ERIC Number: ED346189
Record Type: Non-Journal
Publication Date: 1992
Reference Count: N/A
Black Resistance in High School: Forging a Separatist Culture.
Solomon, R. Patrick
This book is an ethnographic case study of the school experience of West Indian children in a high school in Toronto (Ontario, Canada), which focuses on how minorities fail to achieve upward social mobility through education. Chapter 1, "Black Cultural Forms in Schools," reviews theories of resistance and cultural inversion in the Canadian context. Chapter 2, "Black Life and Schooling in Canada," describes the experience of blacks in Canada who fled slavery in the United States. Chapter 3, "The Jocks at Lumberville," describes the subcultural lives of the "Jocks." Chapter 4, "Authority, Whites, and Women," examines how the culture in which the students live affects the quality of the relationships they forge with administrators, teachers, and peers. Chapter 5, "Sports as Work," examines the more prosocial athletic life at Lumberville. Chapter 6, "The School: Contribution to Separatism," describes track allocation and student control mechanisms. Chapter 7, "When Structure and Culture Collide: The Outcome of Schooling," analyzes the long-term effects of Lumberville's sorting mechanism on the future of the Jocks. Chapter 8, "Strategies for Change," presents ways to reduce the negative spiraling effects of school structure and student culture. Included are 2 appendices on methodology and immigration criteria, notes on the chapters, an index, and a 152-item bibliography. (JB)

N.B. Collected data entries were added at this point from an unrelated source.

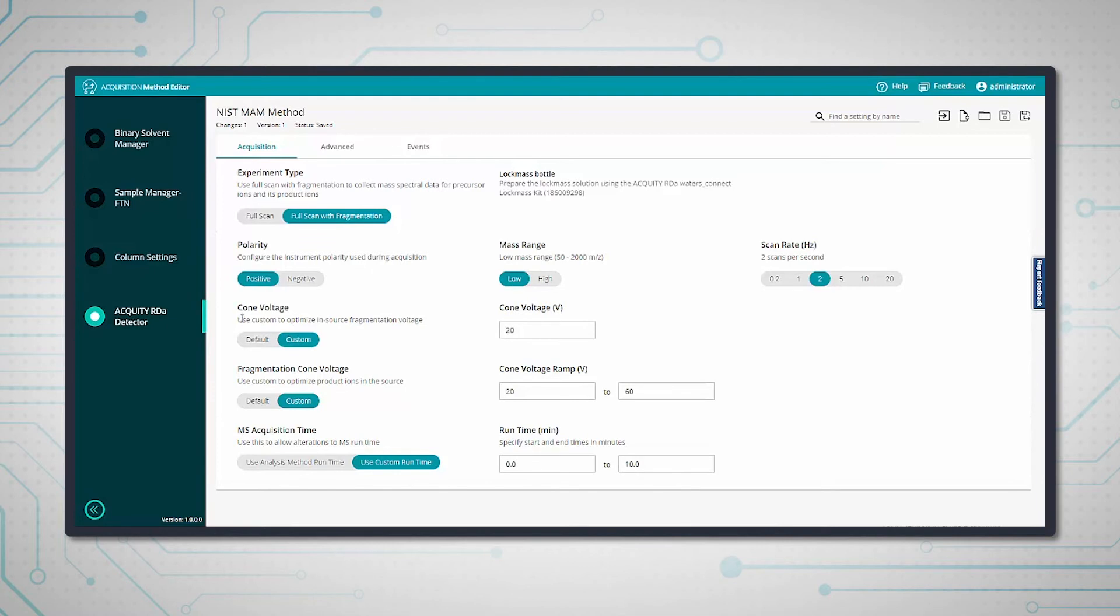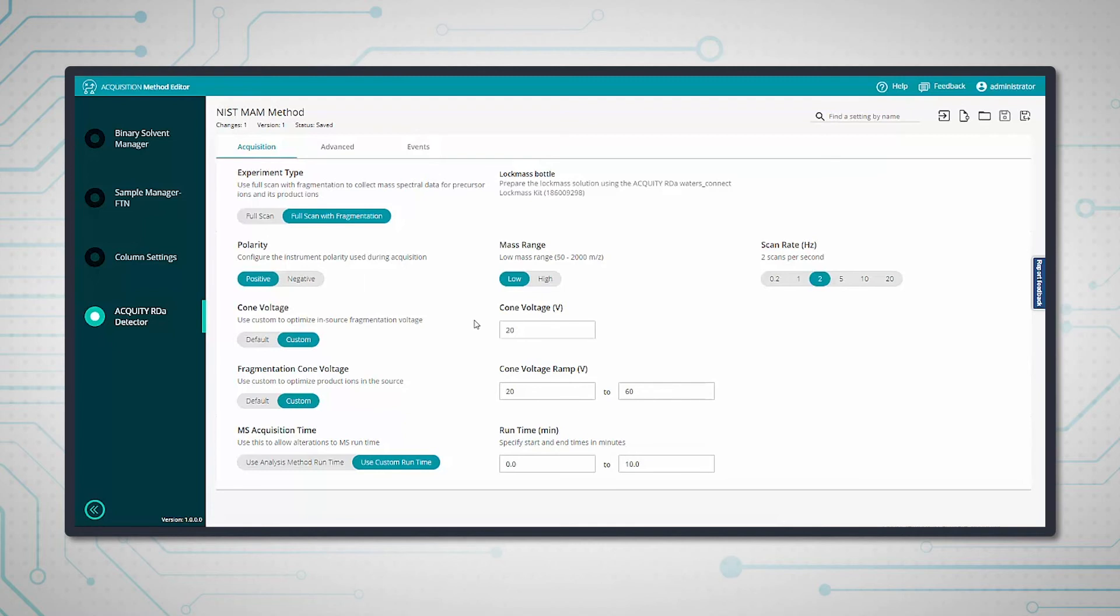We have the mass spec settings - the ACQUITY RDa settings. This is a full scan with fragmentation experiment where we're doing high-low fragmentation switching to generate the fragment data as well. It's basically a standard method for peptide mapping or peptide mam. We can change the method here, save it, or open another method, but I'm going to go back to sample submission now.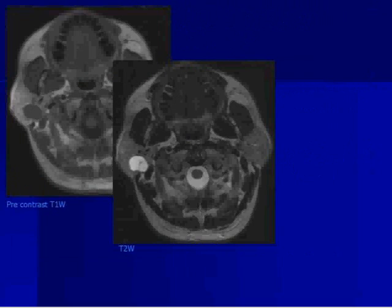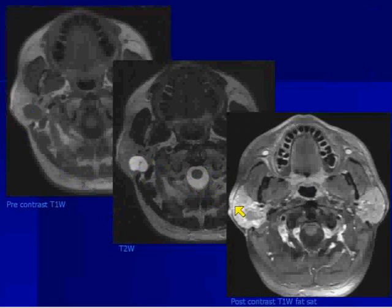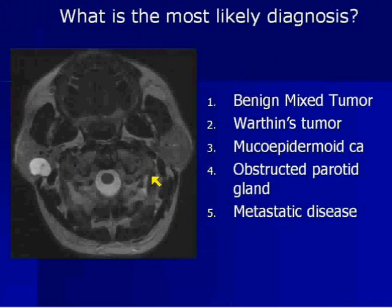We already saw the tumor in pre-contrast T1 — looks pretty well-defined. Look at this lesion now in the parotid gland. It is so bright — bright like a light bulb. Look at how it matches the signal intensity of CSF. This is very important. And then it enhances — it could enhance variably — but the whole point here is the T2-weighted sequence.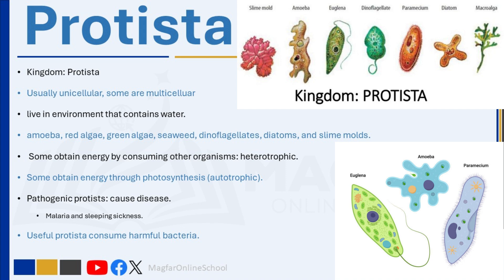Most protists are not disease-causing, but there is a group known as pathogenic protists that are disease-causing. Protista can be single or multicellular organisms. Some protista obtain their nutrients and energy by consuming other organisms, while others obtain their energy from the sun and nutrients from water through photosynthesis. Protista can be harmful, causing illnesses such as malaria and sleeping sickness. In some instances, protista come in handy as they can consume harmful bacteria.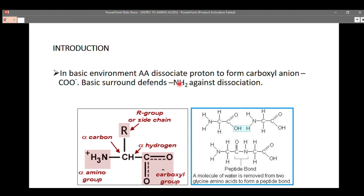These are the basic introduction to amino acids that you need to know in order to study proteins. If you don't understand any part of the video, just pause it, go back, and review to improve your understanding. You can also ask questions in the comment section. Don't forget to subscribe to this channel and like this video if it was educative. Thank you for your time — have a nice day!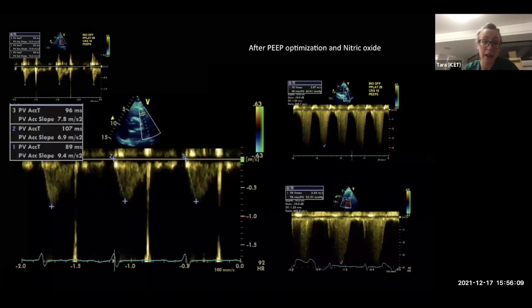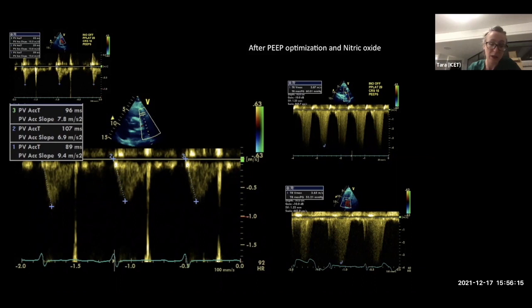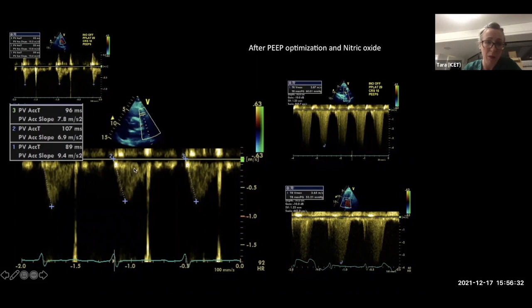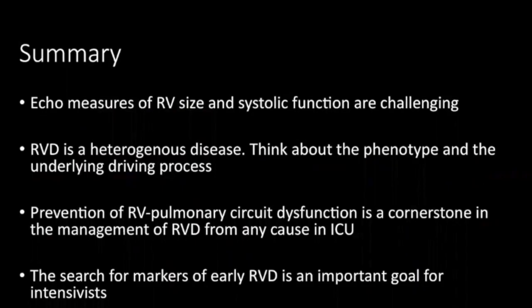We measure pulmonary valve acceleration time fairly routinely in our patients, often using the subcostal view, sweeping close and clicking with the sweep speed increased to 200ms to capture one or two envelopes. Pre- and post-nitric oxide optimization alongside plateau pressure management, this patient showed an increase in acceleration time and a decrease in pulmonary pressures. It's something worth further exploration.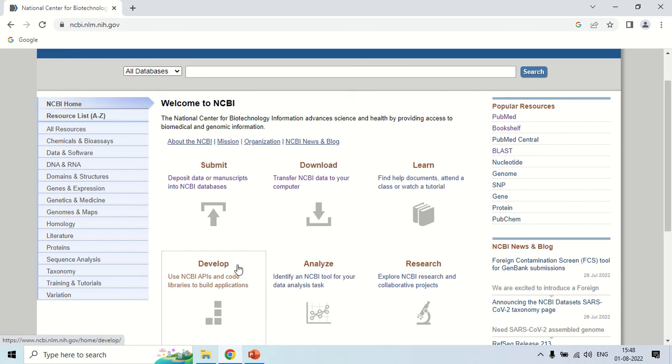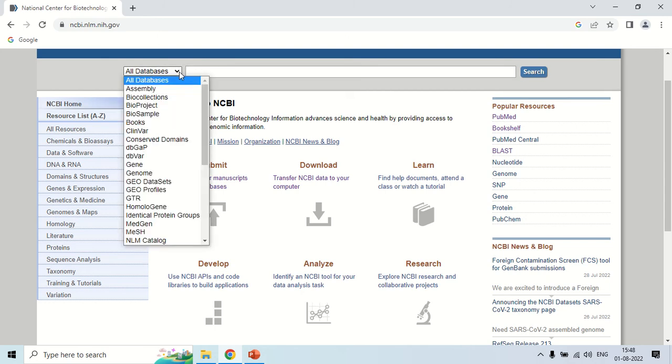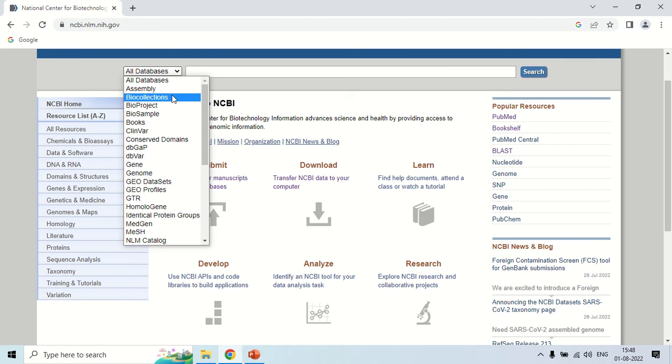Now the main option is this search box, which is the entrance. Here you can search different genes or organisms or different molecules among different databases. You can see the names of many databases like assembly, bio collection, bio project, etc. But I am going to tell you just a few important ones in this video.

Descriptors: Athletes, Black Students, Cultural Context, Disadvantaged Youth, Economically Disadvantaged, Ethnography, Foreign Countries, High School Students, High Schools, Males, Minority Group Children, Racial Discrimination, Resistance (Psychology), Social Mobility, Student Subcultures, Urban Schools
State University of New York Press, State University Plaza, Albany, NY 12246 (ISBN-0-7914-0848-5--hardback).